Prizzi’s Honor lives that most uncomfortable space – the black comedy. It’s uncomfortable because to set and maintain the proper tone, the entire production operates on a razor’s edge. If any part of the process falters, from John Huston’s direction all the way down to the selection of condiments at the craft services table, the delicate artifice collapses.
Most important of all is the acting. For a black comedy to succeed, the actors must maintain constant earnestness with the comedy not coming from punch lines but from something inherent in the character himself.
When a black comedy fails, it’s almost always easy to pinpoint the culprit. But when it succeeds, it’s possible to glide right past the great performances that made it so. Jack Nicholson’s Charley Partanna in Prizzi’s Honor is just such a performance.
Partanna is gruff, almost monosyllabic. But he’s not stupid, he just knows that talking too much often leaves you overextended. He’s a competent gangster on the way up and he’s centered in that world with a heavy anchor. And as the movie unfolds, and absurd situations ripple the surface, he never strays far enough from the boat to get lost. He surprises us with literacy, curiosity, passion and ingenuity along the way, but without deviating from his solid base.
Bouncing off Jack’s steady foundation are Angelica Huston and Kathleen Turner. Irene Walker (Turner) pretends to be an outsider, but she’s busy trying to run scams on gangsters. Huston took home an Oscar for turning the screws behind Partanna’s back as Maerose Prizzi. Maerose is the one character in the movie that really seems dangerous.
I remember this movie from my childhood because of William Hickey’s strange voice. His Don Prizzi stretches words like hand-pulled noodles until the innocuous is threatening. But Jack’s Partanna isn’t just holding up the tent for these fine supporting characters.
He seems a poor match for Irene on the exterior, but his devotion, shot straight, wins her over. We’re not sure where Partanna fits in the hierarchy of the Prizzi family at first, but his intelligence and resourcefulness prove his worth.
Alex loves Jack’s line, “Marxie Heller so fuckin’ smart, how come he’s so fuckin’ dead?” Not only is it a fantastic reading, an argument ender but spat out of the side of his mouth, it’s also the start of the slow leak leads to disaster for Partanna and Irene. Partanna has killed Irene’s husband, Marxie Heller, before learning of the connection. Irene swears she was going to leave him anyway, but she has enough nice things to say about the guy to get under Partanna’s skin and cause that great line.

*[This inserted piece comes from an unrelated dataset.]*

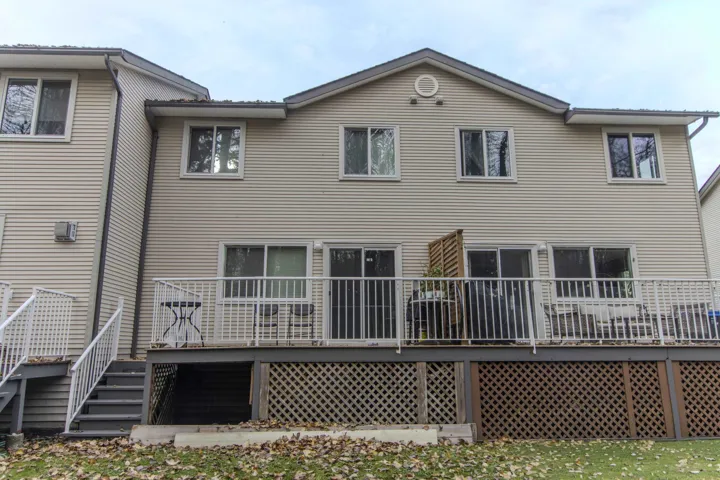 Back of property with a wooden deck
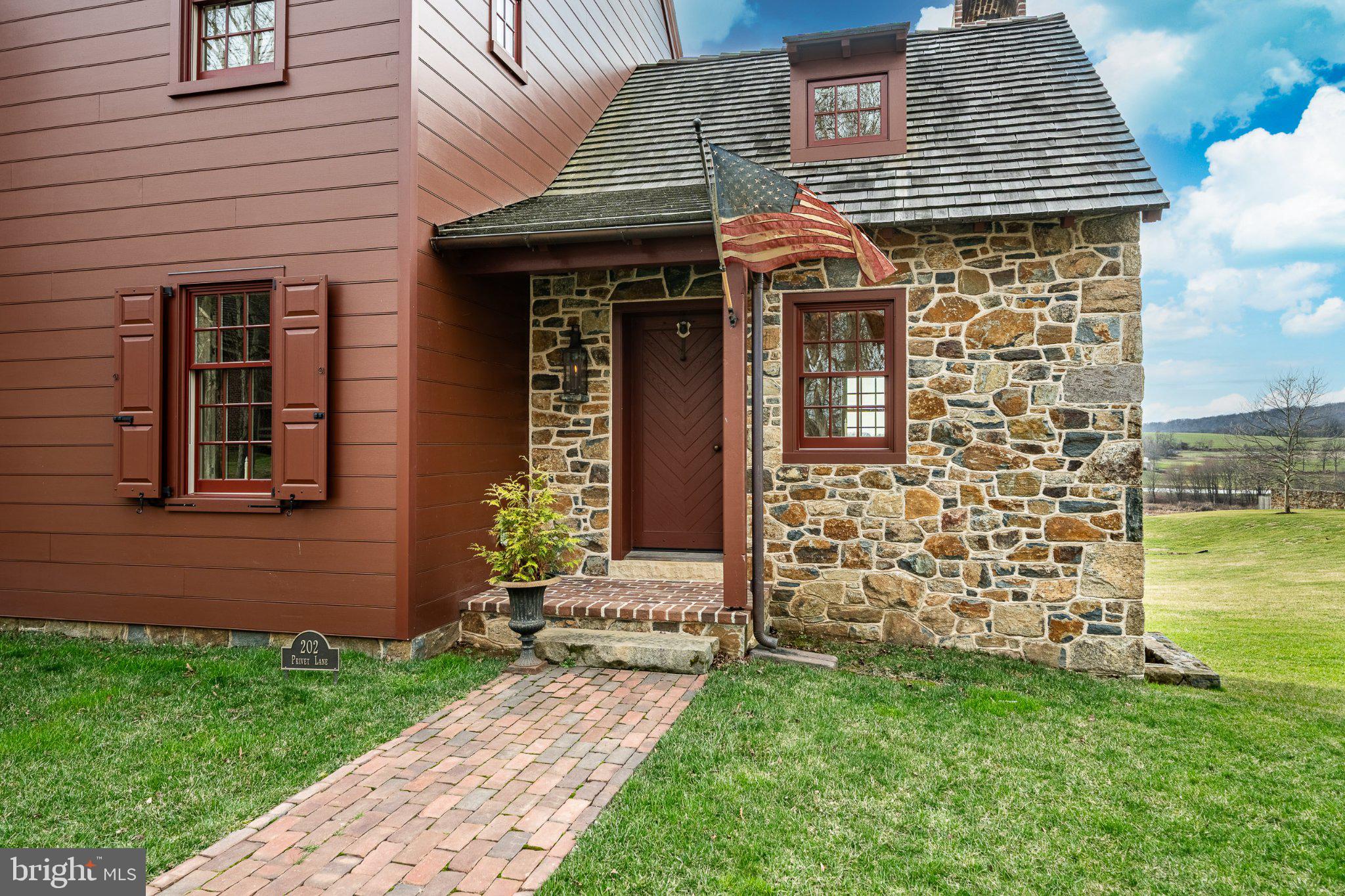 202 Privet Lane Elverson, PA 19520 - Photo 8 of 78 a front view of a house with garden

Partanna could never trust Irene completely. Did she come with him because she loved him or because all her other plans were turning to crap and he represented her best chance at survival? He couldn’t answer the question satisfactorily so when stab came to shoot, he hurled a knife through her throat.
The movie works because Jack is great. But Jack is great without doing a lot of the things that he’s usually great at. He’s neither hip, cool nor sarcastic. He’s a lug. And he plays the lug straight up and down the edge without ever missing a step.
"If Marxie Heller is so fuckin' smart how come he's so fuckin' dead?"
I need to see this again. I caught it on cable late one night a few months back, but it had already started and I was tired. It really is a unique performance.
Funny, in the movie "Pocket Change," with Paul Newman and Lee Marvin, Newman plays a dim-witted cowboy. The movie didn't completely click for me largely because I had trouble accepting Newman playing a dumb guy.
"Have a cookie."
I knew a comedian in college and Bill Hickey was one of his best impressions.
[1] That's how I remember the quote too, but IMDB has the shorter version. I'll have to watch it again and check.
This poster makes Jack look about a million times cooler than he was in the actual movie.
[3] "It's da faaaahmily, Charlie, da faaaahmily."
I still quote that line regularly and I haven't seen the movie in maybe 15 years. Excellent flick.
Nice review, Jon.
[3] BTW, doesn't he say, "Have a cookie, sweetheart."
That's how I remember it.
"Do I ice her, do I marry her? Which one of these things?"